The past several years haven’t been that great for income investors. Because fixed-income products didn’t pay much, many investors turned to dividend stocks. The thing is, markets are mostly efficient. If there is a solid high-dividend stock, chances are that people will notice it. And once the buying starts, the high-dividend stock’s price would go up and its yield would no longer be attractive.
One of the implications is that if a stock’s yield remains high, it could be sign of trouble. I mean, if the company is solid and pays high dividends, why would investors stay away from it?
There are, of course, exceptions. It could be that a high-dividend stock lacks some growth potential. Or it could be that the company is running what seems to be boring operations. However, for dividend investors wanting to boost the yields of their portfolios, it could be worthwhile to take a look at those high-yield “boring” stocks.
A great example of a high-yield “boring” stock is Blueknight Energy Partners L.P. (NASDAQ:BKEP) stock.
The number-one reason to take a look at BKEP stock is its dividends. With a quarterly payout of $0.145 per unit, Blueknight Energy Partners has an impressive annual dividend yield of 8.79%. To put it in perspective, the average dividend yield of all S&P 500 companies is approximately two percent.
The big question, of course, is whether this partnership is solid. So let’s take a look at its financials.
In the third quarter of 2016, Blueknight generated $46.9 million of revenue, a 0.6% decline from the $47.2 million generated in the year-ago period. Net income came in at $11.4 million, which was substantially lower than the $14.0 million earned in the same quarter a year ago. (Source: “Blueknight Announces Third Quarter 2016 Results,” Blueknight Energy Partners L.P., November 1, 2016.)
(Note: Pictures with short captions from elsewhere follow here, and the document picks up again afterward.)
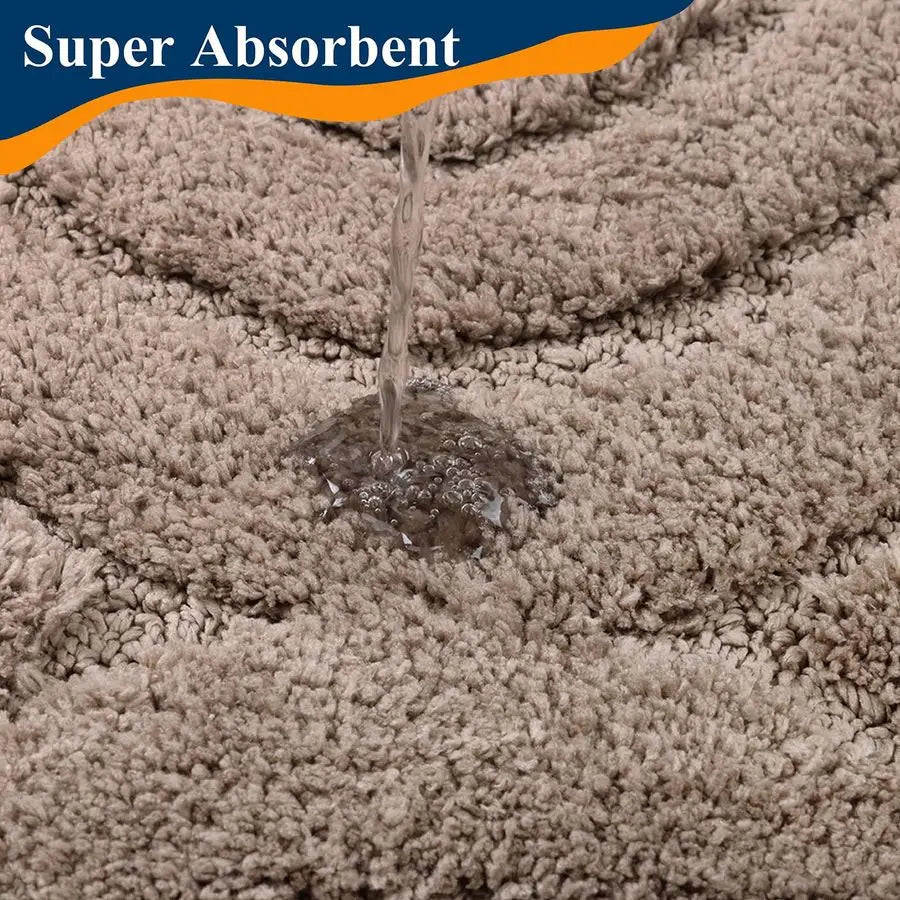 Plush Microfiber 5-Piece Bathroom Rug Set Non-Slip Soft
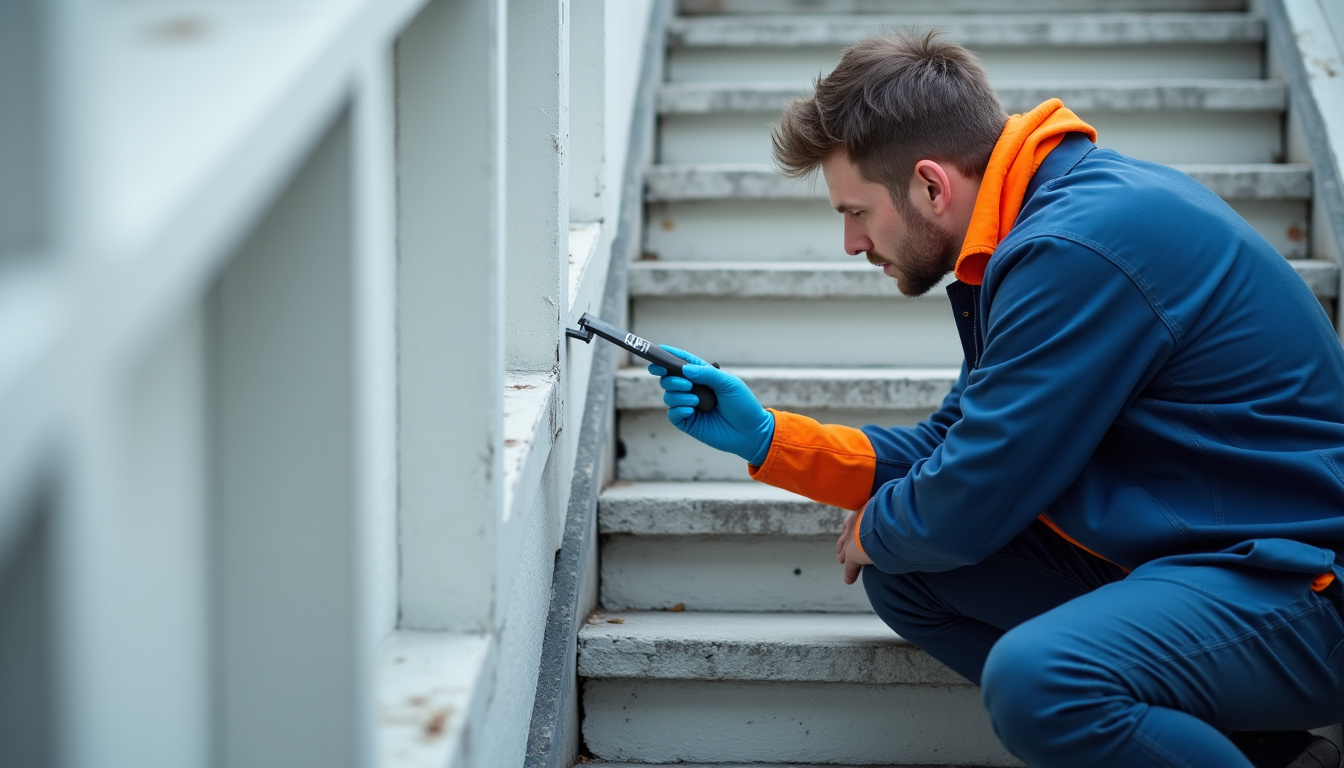 Technicien effectuant un entretien de maintenance sur un monte-escalier à Lacroix-Saint-Ouen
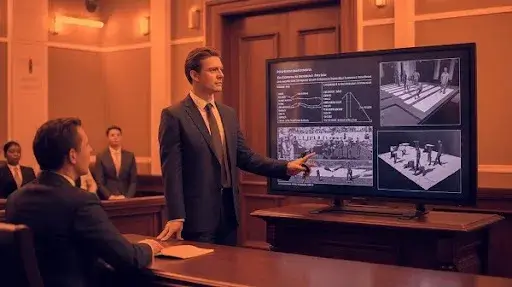 A lawyer presenting legal animation to the courtroom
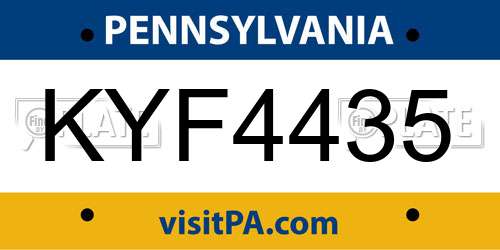 KYF4435 Pennsylvania License Plate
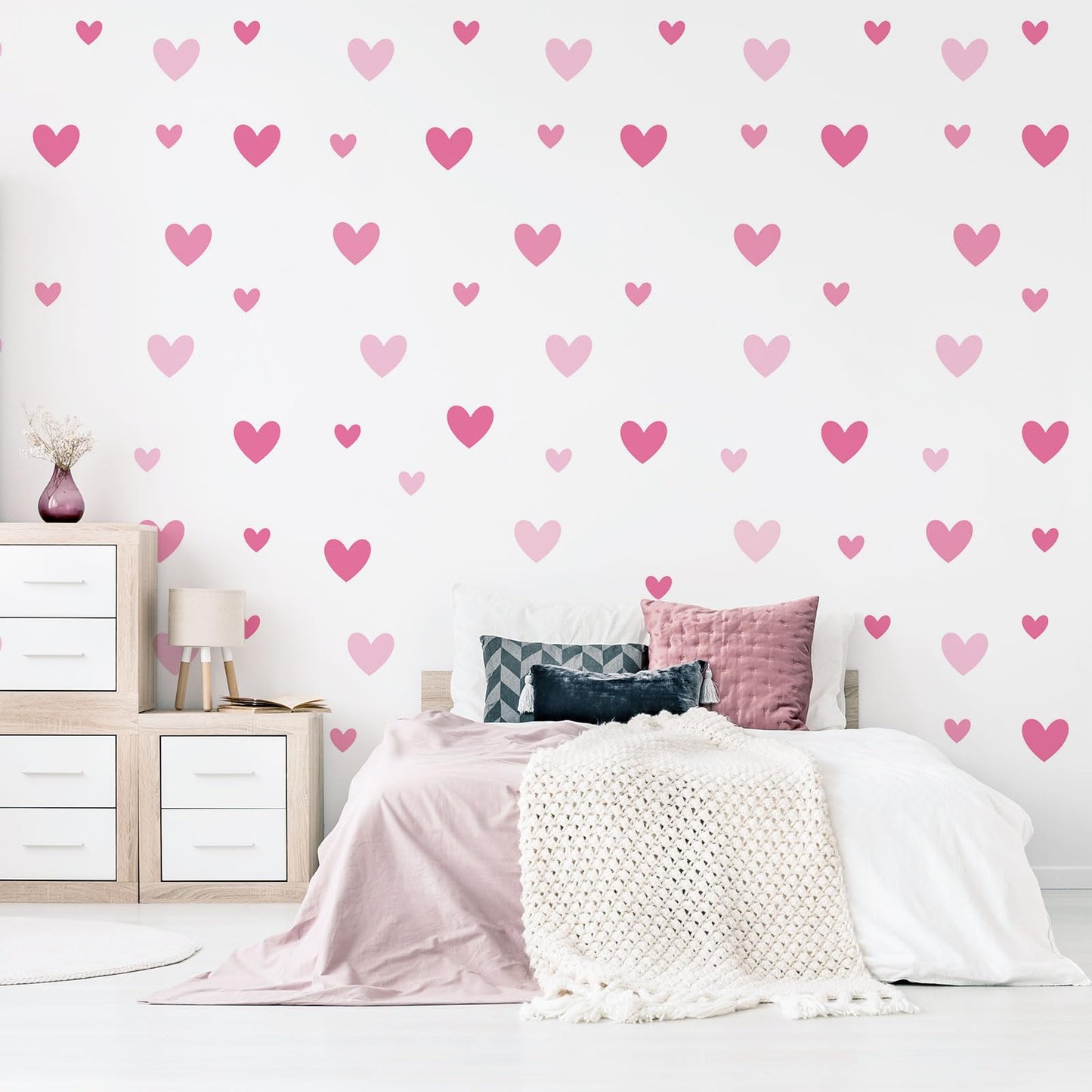 AOWDIAO 170 Pcs Heart Wall Decals - Peel and Stick Pink Decor for Girl Bedroom, Nursery, Playroom Decoration
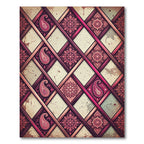 Crimson Paisley Mandala Lattice Rug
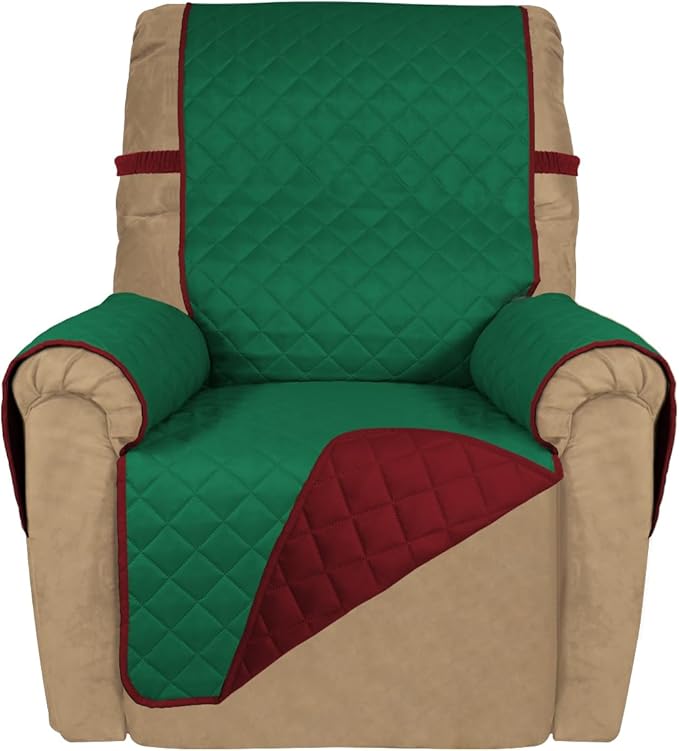 PureFit Reversible Quilted Sofa Cover, Water Resistant Slipcover Furniture Protector, Washable Couch Cover with Non Slip and Elastic Straps for Kids, Dogs, Pets (Small Recliner, Green/Red)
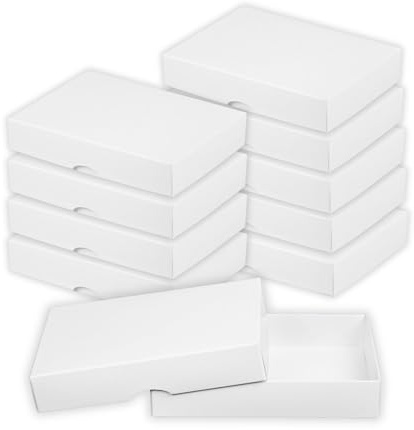 Natürlich verpacken Faltschachtel mit Deckel, 10 x 14 x 2,5 cm, Weiß, Recyclingkarton, 10er Set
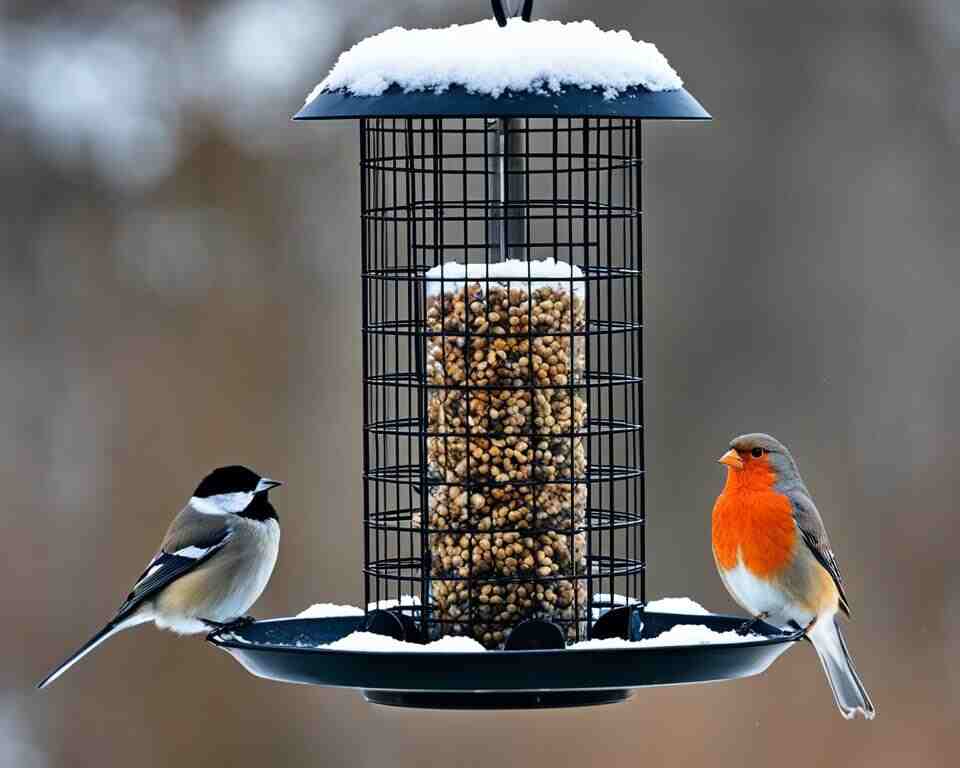 A European Robin and a Black-capped Chickadee perched on a bird feeder in winter.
The thing is, though, in the year-ago quarter, Blueknight benefited from $8.3 million in income related to the settlement of litigation. If you exclude this one-time item from last year’s results, you’d see that both adjusted earnings before interest, taxes, depreciation, and amortization (EBITDA) and distributable cash flow showed significant year-over-year improvements. (Source: Ibid.)
In the quarter, Blueknight achieved a distribution coverage ratio of 1.49 times. This means the partnership is not paying out all its distributable cash flow, leaving a margin for safety, as well as the potential for future distribution increases.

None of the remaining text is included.